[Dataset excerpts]

────────

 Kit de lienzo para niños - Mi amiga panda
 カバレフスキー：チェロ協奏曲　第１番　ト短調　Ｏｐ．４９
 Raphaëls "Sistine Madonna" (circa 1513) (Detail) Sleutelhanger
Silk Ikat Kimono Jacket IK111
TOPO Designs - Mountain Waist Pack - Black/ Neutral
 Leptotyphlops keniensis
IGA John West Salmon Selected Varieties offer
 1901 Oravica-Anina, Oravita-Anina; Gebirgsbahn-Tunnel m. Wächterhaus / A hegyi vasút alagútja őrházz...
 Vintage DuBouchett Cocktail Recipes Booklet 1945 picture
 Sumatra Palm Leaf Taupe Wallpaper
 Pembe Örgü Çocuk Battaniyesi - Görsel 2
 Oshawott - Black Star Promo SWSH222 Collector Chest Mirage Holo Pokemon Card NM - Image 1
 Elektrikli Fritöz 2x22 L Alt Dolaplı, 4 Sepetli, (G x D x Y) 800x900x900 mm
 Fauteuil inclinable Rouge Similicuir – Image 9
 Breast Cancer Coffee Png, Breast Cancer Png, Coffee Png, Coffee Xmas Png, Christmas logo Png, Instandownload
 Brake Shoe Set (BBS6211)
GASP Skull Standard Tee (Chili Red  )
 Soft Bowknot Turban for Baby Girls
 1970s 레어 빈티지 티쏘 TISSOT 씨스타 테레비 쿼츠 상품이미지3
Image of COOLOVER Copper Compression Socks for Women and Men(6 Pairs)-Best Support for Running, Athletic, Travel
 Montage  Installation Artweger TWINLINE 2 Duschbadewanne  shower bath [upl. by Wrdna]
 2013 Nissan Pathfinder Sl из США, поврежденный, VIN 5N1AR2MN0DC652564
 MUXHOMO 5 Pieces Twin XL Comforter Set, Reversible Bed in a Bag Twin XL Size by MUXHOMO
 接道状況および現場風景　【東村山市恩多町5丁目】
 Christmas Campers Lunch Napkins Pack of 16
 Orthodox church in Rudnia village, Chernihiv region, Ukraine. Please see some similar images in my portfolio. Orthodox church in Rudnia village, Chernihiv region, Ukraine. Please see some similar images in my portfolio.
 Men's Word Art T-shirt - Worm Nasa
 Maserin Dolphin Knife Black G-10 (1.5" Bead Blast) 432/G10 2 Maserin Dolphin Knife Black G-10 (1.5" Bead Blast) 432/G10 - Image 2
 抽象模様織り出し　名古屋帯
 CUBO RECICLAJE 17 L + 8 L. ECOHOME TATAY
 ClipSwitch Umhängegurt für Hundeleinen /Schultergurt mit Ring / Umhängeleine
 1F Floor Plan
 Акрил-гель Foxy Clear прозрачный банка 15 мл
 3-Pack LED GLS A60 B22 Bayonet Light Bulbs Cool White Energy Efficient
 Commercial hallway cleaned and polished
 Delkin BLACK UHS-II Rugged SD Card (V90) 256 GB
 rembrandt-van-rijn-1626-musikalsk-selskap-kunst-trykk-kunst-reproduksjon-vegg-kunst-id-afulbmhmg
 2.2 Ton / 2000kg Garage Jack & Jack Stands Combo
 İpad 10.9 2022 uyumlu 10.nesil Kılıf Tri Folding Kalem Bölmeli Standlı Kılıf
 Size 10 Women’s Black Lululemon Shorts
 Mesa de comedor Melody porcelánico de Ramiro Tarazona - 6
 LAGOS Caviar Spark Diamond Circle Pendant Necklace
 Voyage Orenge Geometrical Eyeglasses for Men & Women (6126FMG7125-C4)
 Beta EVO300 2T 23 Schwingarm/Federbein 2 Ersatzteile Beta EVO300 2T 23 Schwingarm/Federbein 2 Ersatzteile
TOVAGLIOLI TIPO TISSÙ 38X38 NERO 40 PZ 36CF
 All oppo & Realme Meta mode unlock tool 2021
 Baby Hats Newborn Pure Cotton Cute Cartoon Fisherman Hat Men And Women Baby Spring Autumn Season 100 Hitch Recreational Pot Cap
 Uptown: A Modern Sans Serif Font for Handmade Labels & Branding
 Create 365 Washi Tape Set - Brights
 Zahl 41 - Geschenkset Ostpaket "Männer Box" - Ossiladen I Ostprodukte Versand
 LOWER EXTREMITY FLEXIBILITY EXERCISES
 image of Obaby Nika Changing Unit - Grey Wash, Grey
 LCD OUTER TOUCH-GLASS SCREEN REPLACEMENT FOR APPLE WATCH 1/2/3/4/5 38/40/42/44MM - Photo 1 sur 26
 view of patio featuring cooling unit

────────

◆ **WHAT THE EXERCISE ASKS**: Print from the line containing "Uptown: A Modern" to the last line above, exactly as written.

◆ **WRITTEN ANSWER**:
 Uptown: A Modern Sans Serif Font for Handmade Labels & Branding
 Create 365 Washi Tape Set - Brights
 Zahl 41 - Geschenkset Ostpaket "Männer Box" - Ossiladen I Ostprodukte Versand
 LOWER EXTREMITY FLEXIBILITY EXERCISES
 image of Obaby Nika Changing Unit - Grey Wash, Grey
 LCD OUTER TOUCH-GLASS SCREEN REPLACEMENT FOR APPLE WATCH 1/2/3/4/5 38/40/42/44MM - Photo 1 sur 26
 view of patio featuring cooling unit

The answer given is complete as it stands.